Tuesday 12 July 2011

first day back

Theatre list, new medical students to tutor, a week of test results to review, an unexpected foetal death to counsel, late in the clinic and now an abnormal foetal heart rate in an insulin dependent diabetic in labour -not quite ready for vaginal delivery but almost. Is it safe to wait or not? In another room the foetal heart rate is too slow but also not enough to intervene...
now the diabetic heart rate is improved enough to wait. Though it could need urgent action at any time,  the clinic must go on....
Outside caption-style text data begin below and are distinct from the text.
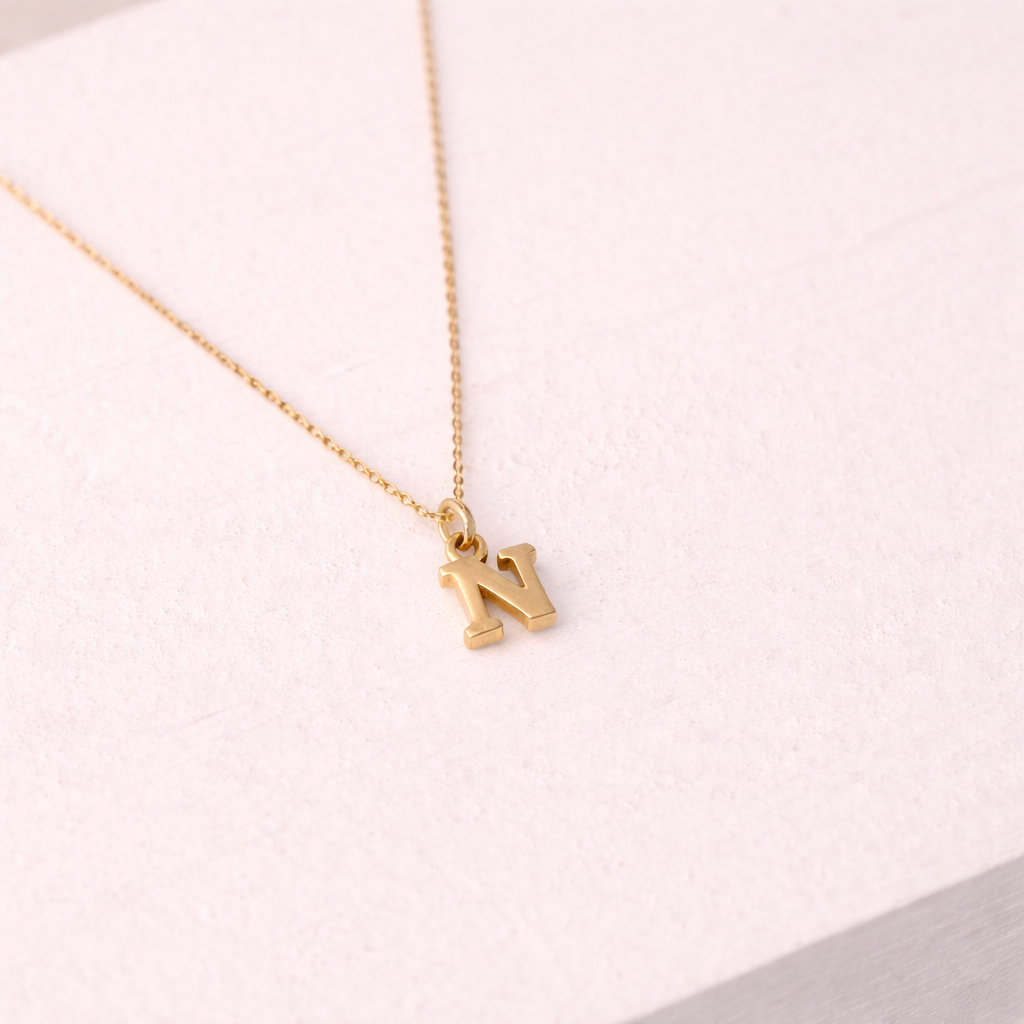 Initial Pendant & Chain N-T (18ct Gold)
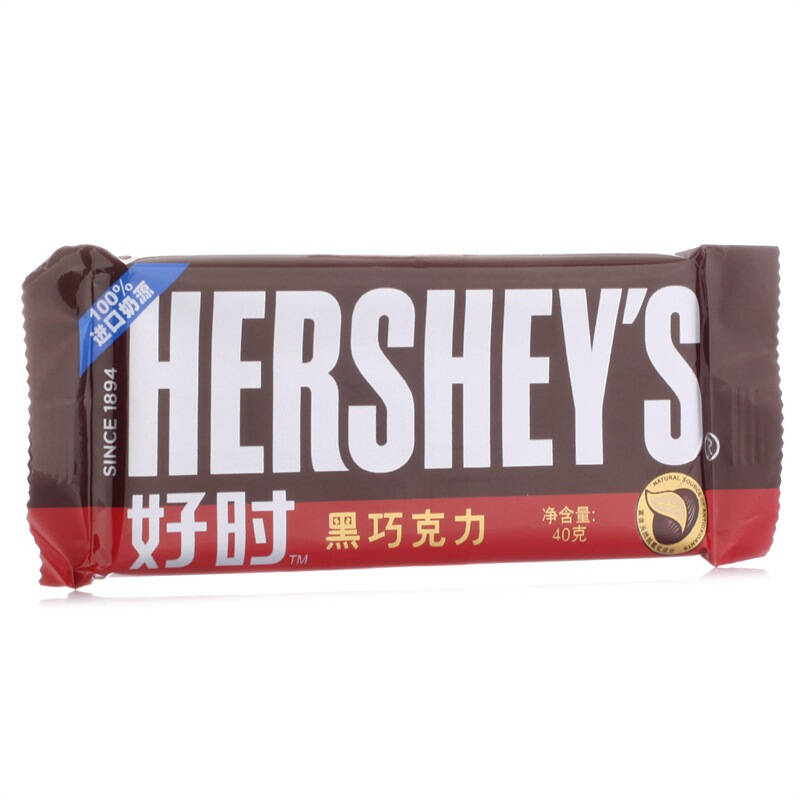 好时黑巧克力排块40g(加量装与正常装随机发售)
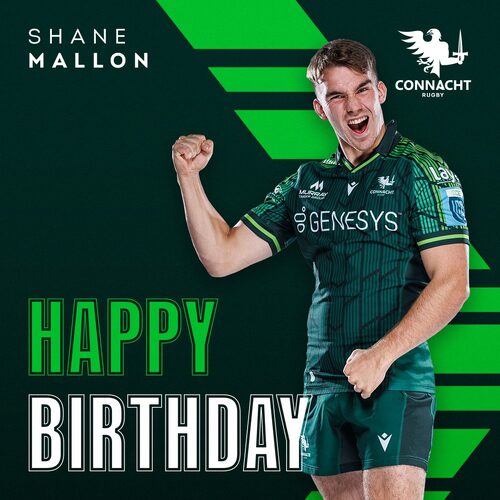 The Leitrim man is feeling 22! 🥳🎈

Hope you have a great day Shane! 🎂

#ConnachtRugby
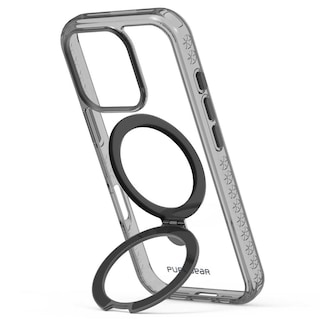 Foto 3 | . Funda Puregear Slimshell Kik Mag Para Iphone 16 Pro Transp Negro Compatible Con Magsafe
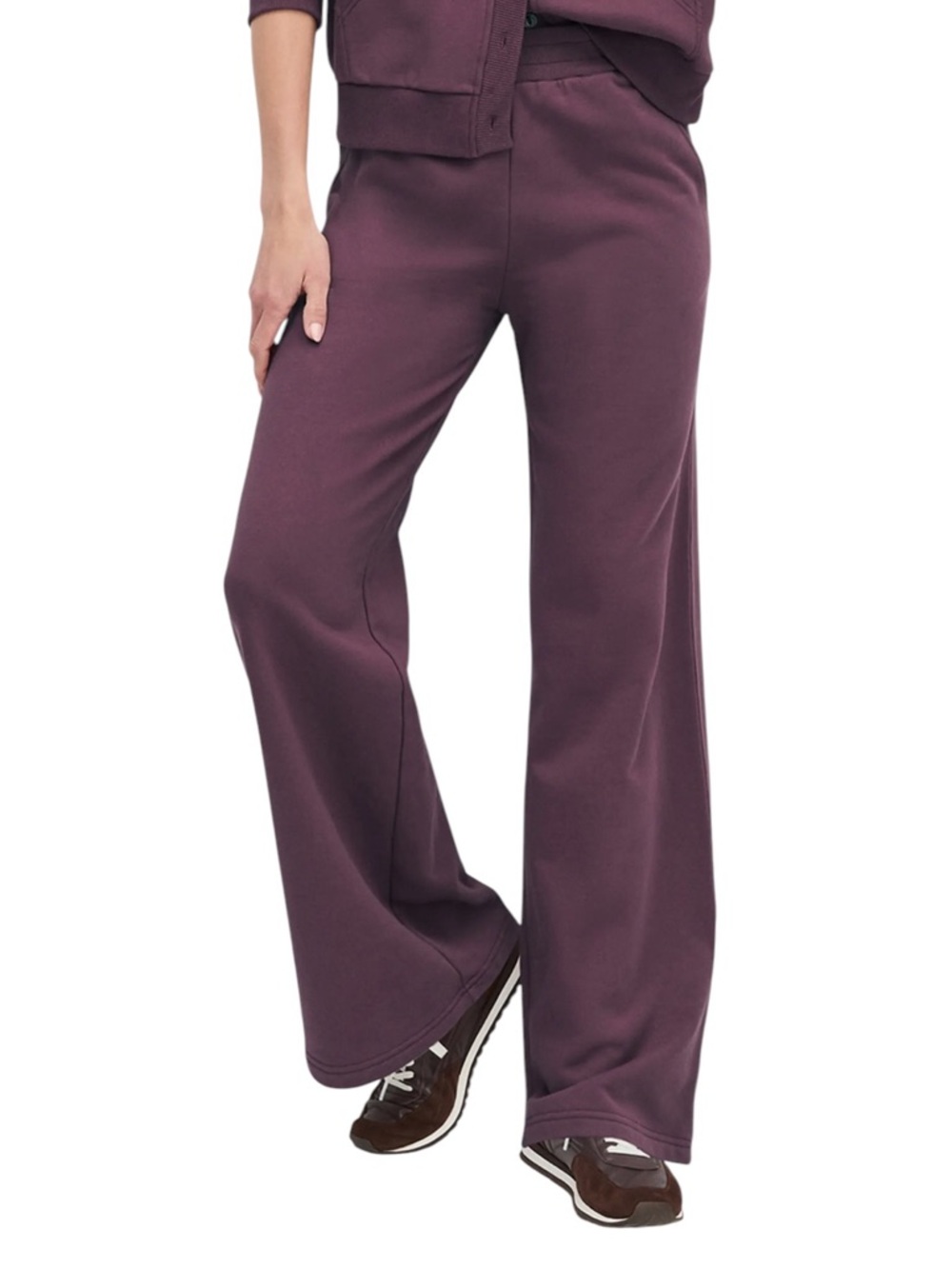 Favorite Daughter the Wide-Leg Boxer Pants in Plum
clinic finished, no one delivered yet, and now two cases of severe pre-eclampsia admitted for management, need to cook dinner for daughter since no one else home. Up to labour ward and hope there is time to get home for long enough to get a meal ready.
The night entry is dark and deserted. Labour ward is bright. I visit everyone then come back to the one who needs delivery. I follow the rules. If the safety criteria are met then so far mother and baby have always been well. The head is well in the pelvis, cervix fully dilated, position clearly known though directly OP, and there is an effective epidural. Forceps are easily applied, the head easily rotated, then as soon as traction is applied the foetal heart rate drops, then is undetectable, possibly ok but not certain. With the strong epidural maternal push is reduced and delivery is slow. The midwife checks but theatre staff are not in the hospital, so Caesarian section would take a long time. There is gradual descent, but it seems to be barely moving, imperceptible, then minute, then a slight change, and another small advance, while a sickening anxiety seeps into my spirit, catastrophic scenarios flowering in my imagination.
The paediatrician arrives and I feel a little more secure. The head is definitely progressing but is it too slow? I persist in a state of despair. It is now certain to deliver vaginally. I cut an episiotomy which I would not usually do but I want every possible advantage for the delivery... then the head comes through.....but the shoulders are stuck, pulling on the head is not working, so I reach up into the pelvis and then abdomen and grasp the axilla, pulling the shoulder down and rotating shoulder and head so that the other shoulder also comes down and the baby is delivered.

I place the floppy wet baby on its mother's abdominal skin with a sinking feeling....its head lolls back tonelessly. The mother cranes forward and her pale stunned husband leans over and asks if the baby is alright. It is momentarily obscured while I hear a faint sound, and I dare to hope. Next time I am sure the baby has given a faint cry and the paediatrician takes her to the resuscitation cot.

Within a minute she is pink. A few minutes later, when I am suturing the perineum, I glance up to see the little girl looking intently into her father's eyes with that unnervingly direct newborn gaze. There will be forceps marks for a few days but all is well and everyone else seems unfazed. I am covered in a cold sweat, trembling as I stitch, unable to shed my depressing feeling of despondency despite the happy outcome. I struggle with a loss of hope and confidence. After finishing the repair I write my notes, talk briefly to the resident doctor and a medical student then return home to cook dinner for my daughter and myself, expecting to do it all again later tonight, and the next eight days and nights in a row.